Markup pretty-printer Wiki

OmniMark library to safely indent markup for SGML or XML serialization

Status: Beta

Brought to you by: omnimark-code

Pretty-printing

So far we have taken care only of the SGML and XML parsers' needs, making sure they would like the result. What can we do for human readers?

In the case of SGML, there are many little tweaks we could apply to the code and make the output more condensed. We could leave out the quotes around token-valued attributes, for example, or shorten the end-tags to </>. It is questionable, however, if these shortcut improve or impede the readability of the markup, and the answer mostly depends on the readers' personal tastes and habits. We'll steer clear of these reefs.

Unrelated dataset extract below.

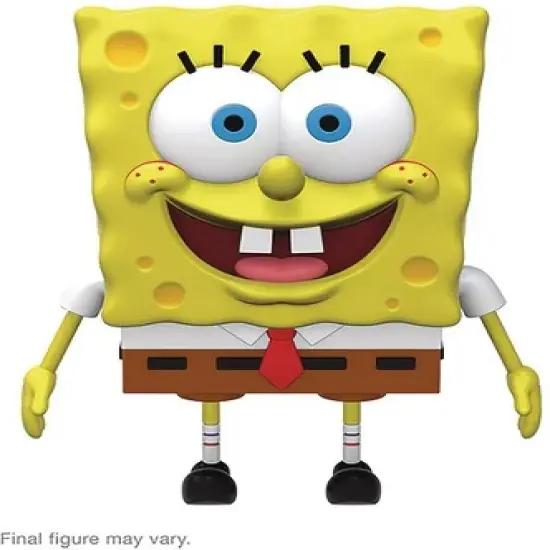 Super7 - SpongeBob SquarePants ULTIMATES! Wave 1 - Spongebob Squarepants image {1}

There is one thing, however, that we can change and that is (almost) universally acknowledged as a readability improvement: adding whitespace. A glance at the following two XML fragments, equivalent except for the whitespace, should be a sufficient demonstration of its utility:

<ul><li><p>So that was that.</p></li><li><p>And now...</p><p>something
<em>completely<sup>1</sup></em> different.</p></li></ul>

<ul>
  <li>
    <p>So that was that.</p>
  </li>
  <li>
    <p>And now...</p>
    <p>something
<em>completely<sup>1</sup></em> different.</p>
  </li>
</ul>

All we've done above is add newlines and indentation. More specifically, a newline and indentation precedes every element tag in any context where they are ignorable, i.e., where only elements are allowed. We cannot add whitespace to mixed content, like around the <sup> element, because it could change the meaning of the content. OmniMark's validating XML parser strips away all ignorable whitespace, so the two XML fragments above are identical as far as your markup rules are concerned.

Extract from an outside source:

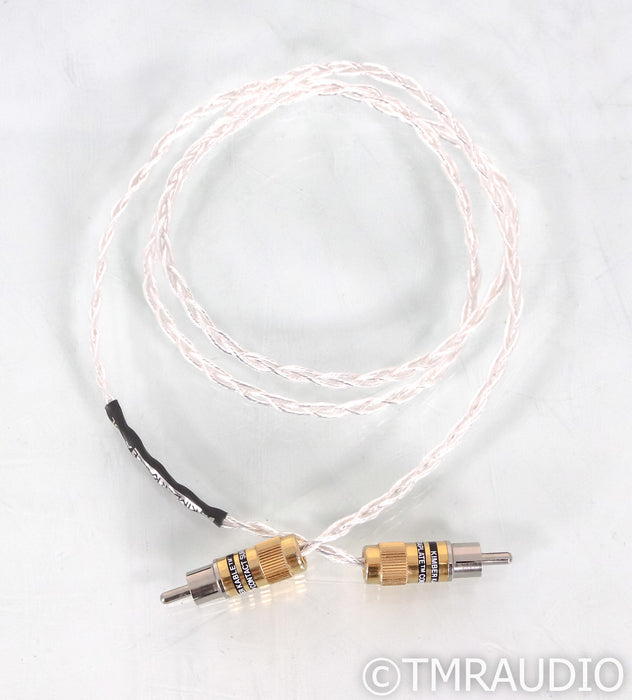 Kimber Kable AGDL RCA Digital Coaxial Cable; Single 1m Interconnect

We can now sprinkle some whitespace-emitting code into our XML serializer:

domain-bound global string indentation initial { "%n" }
domain-bound global string indentation-increment
 
element #implied
   output indentation
      when content of parent is element
   output "<%q"
   using group "translate attributes"
   repeat over specified attributes as a
      output " " || key of attribute a || '="%v(a)"'
   again
   output "/"
      when content is empty-tag
   do
      save indentation
 
      set indentation to indentation || indentation-increment
      output ">%c"
   done
   do unless content is empty-tag
      output indentation
         when content is element & children != 0
      output "</%q>"
   done

This new pretty-printing rule is similar to the XML serializer implemented earlier, except it keeps track and outputs the indentation. Similar modifications would need to be made to the markup-comment, processing-instruction, and other rules as well.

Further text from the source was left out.